* _THE PROBLEM_
What you should give back is a precise copy of the lines below from the one containing "MITSUBISHI PAJERO MINI" through the one containing "Sabbat E12 Review", with no pictures.

* _DATASET_
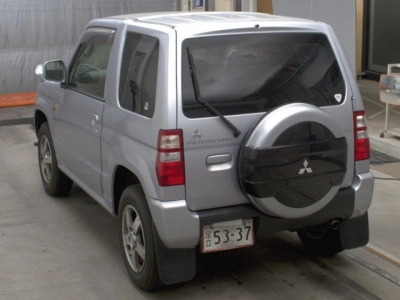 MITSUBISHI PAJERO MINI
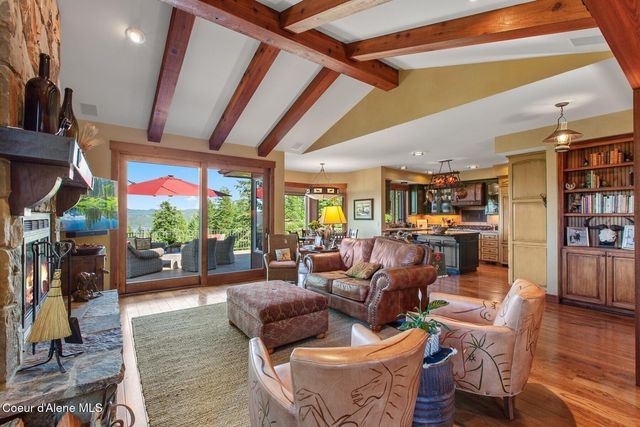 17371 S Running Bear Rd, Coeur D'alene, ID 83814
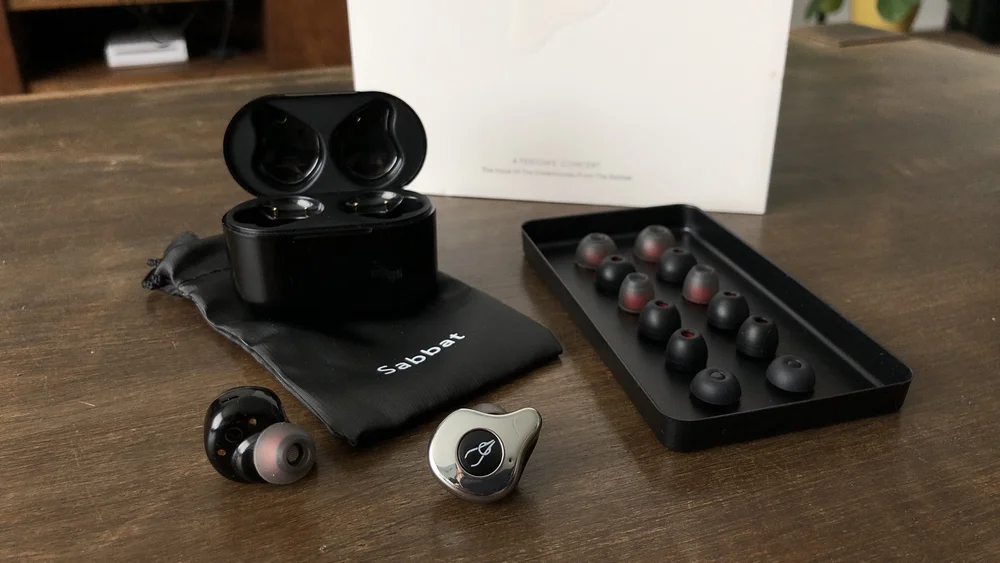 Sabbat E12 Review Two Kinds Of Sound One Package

...

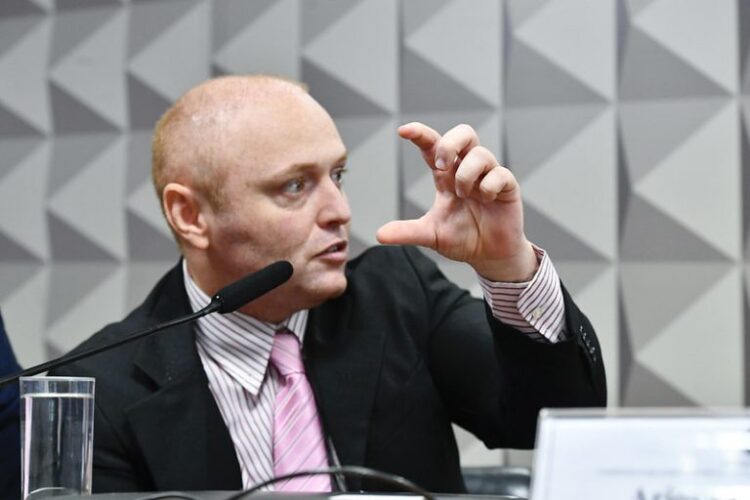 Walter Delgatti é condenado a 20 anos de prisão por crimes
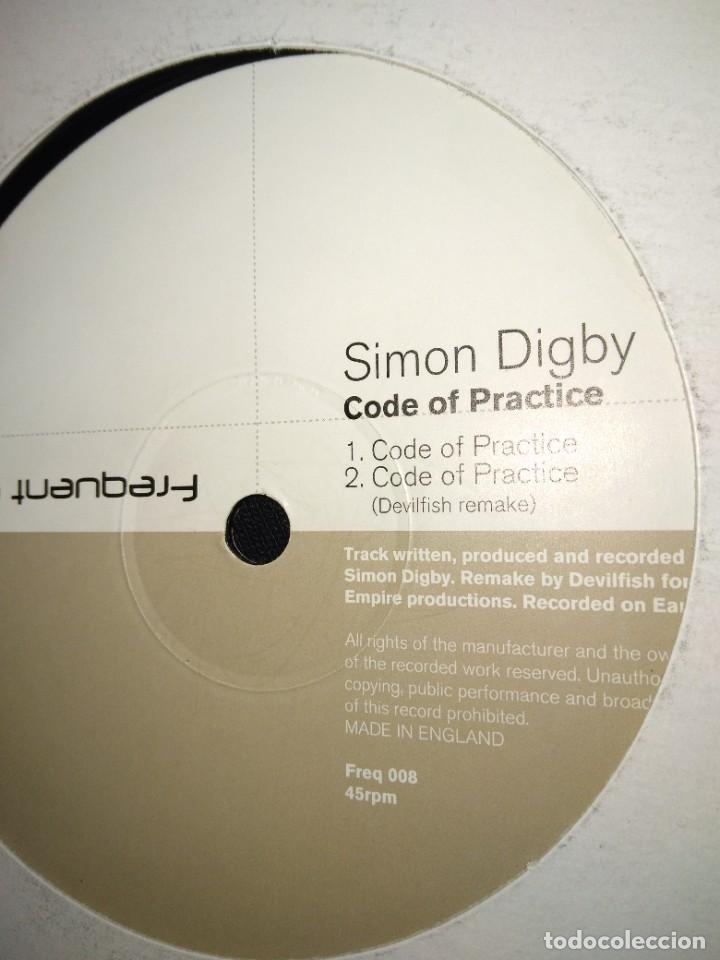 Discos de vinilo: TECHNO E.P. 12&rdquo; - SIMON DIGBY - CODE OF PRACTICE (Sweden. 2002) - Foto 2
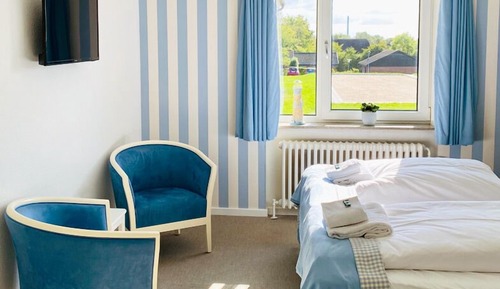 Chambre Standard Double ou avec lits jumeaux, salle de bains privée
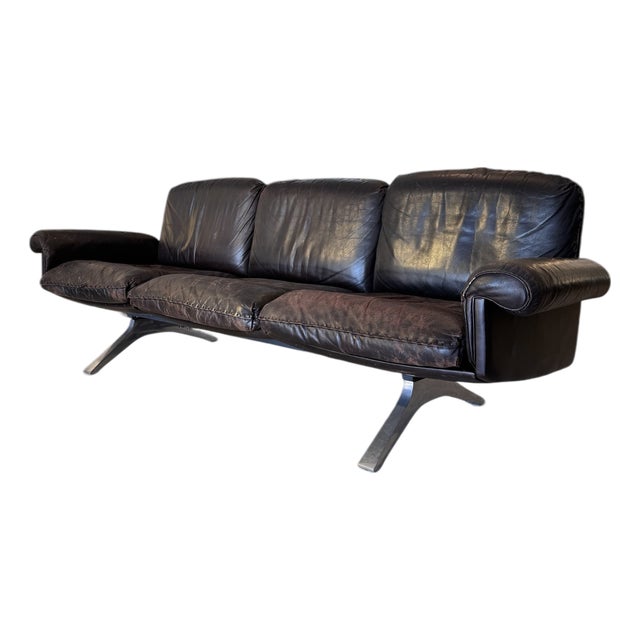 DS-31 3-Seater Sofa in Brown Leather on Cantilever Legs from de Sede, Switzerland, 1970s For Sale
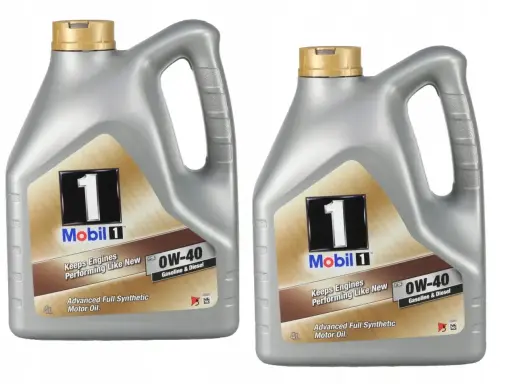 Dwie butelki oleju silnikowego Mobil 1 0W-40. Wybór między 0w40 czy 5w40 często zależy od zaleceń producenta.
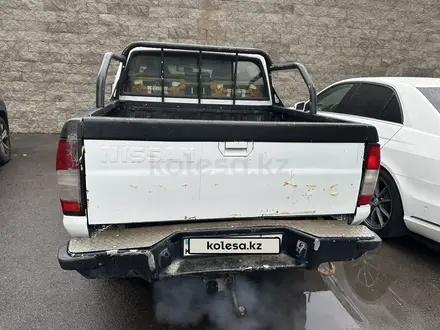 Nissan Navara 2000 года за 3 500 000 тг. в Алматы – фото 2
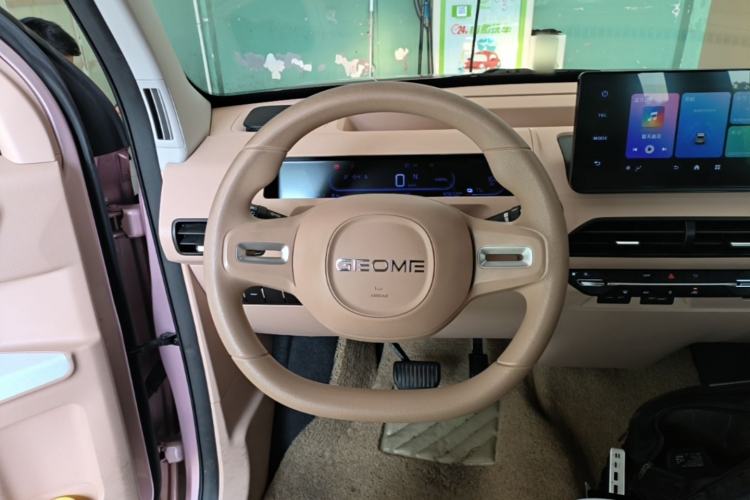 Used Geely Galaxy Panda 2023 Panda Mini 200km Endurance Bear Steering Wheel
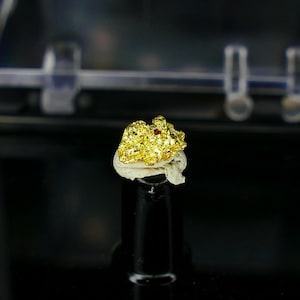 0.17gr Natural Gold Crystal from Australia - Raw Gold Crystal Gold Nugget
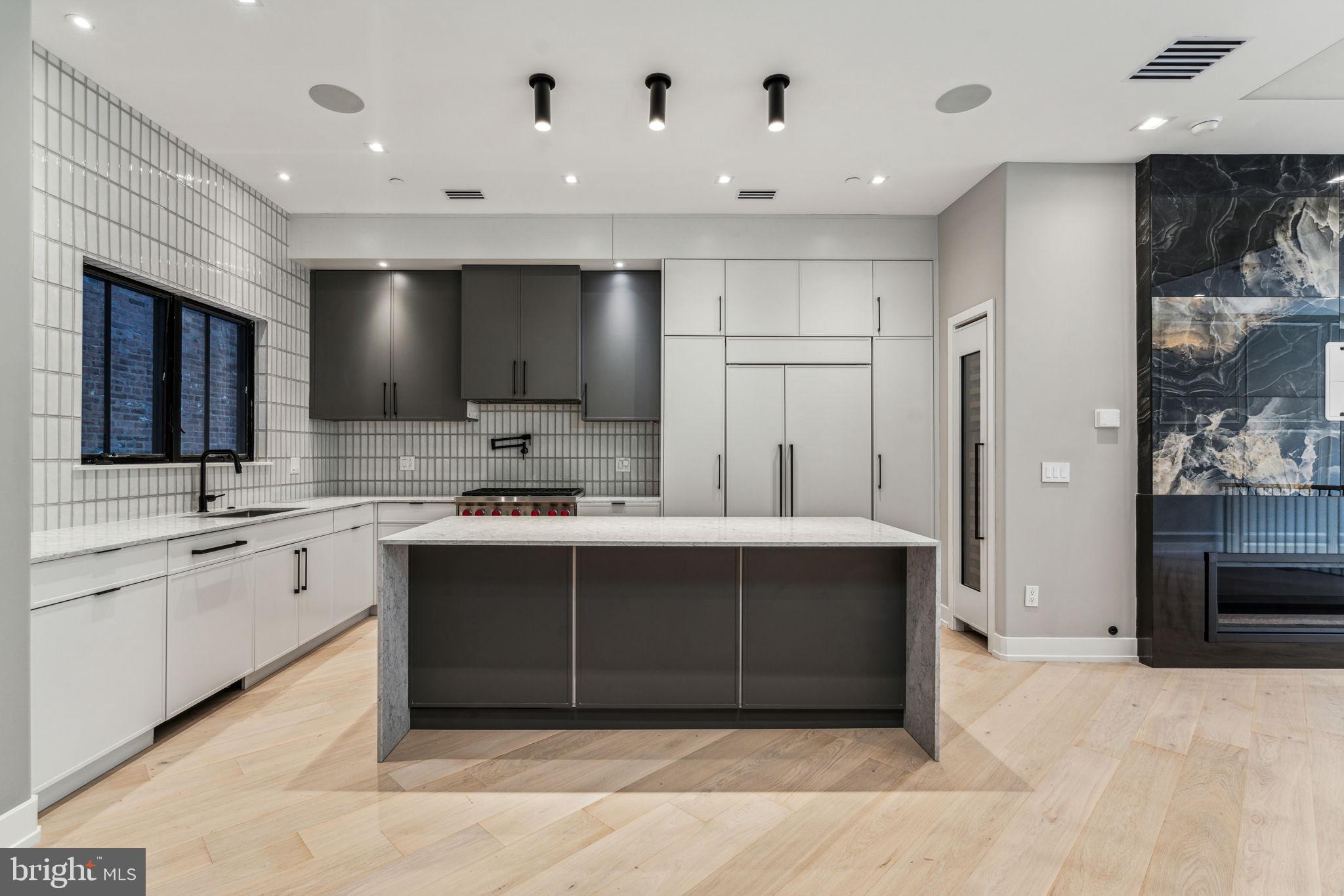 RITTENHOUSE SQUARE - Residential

...

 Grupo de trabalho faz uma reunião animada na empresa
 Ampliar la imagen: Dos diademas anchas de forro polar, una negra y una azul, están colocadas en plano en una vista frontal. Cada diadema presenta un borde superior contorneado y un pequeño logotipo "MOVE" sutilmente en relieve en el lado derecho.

* _FINISHED EXERCISE_
 MITSUBISHI PAJERO MINI
 17371 S Running Bear Rd, Coeur D'alene, ID 83814
 Sabbat E12 Review Two Kinds Of Sound One Package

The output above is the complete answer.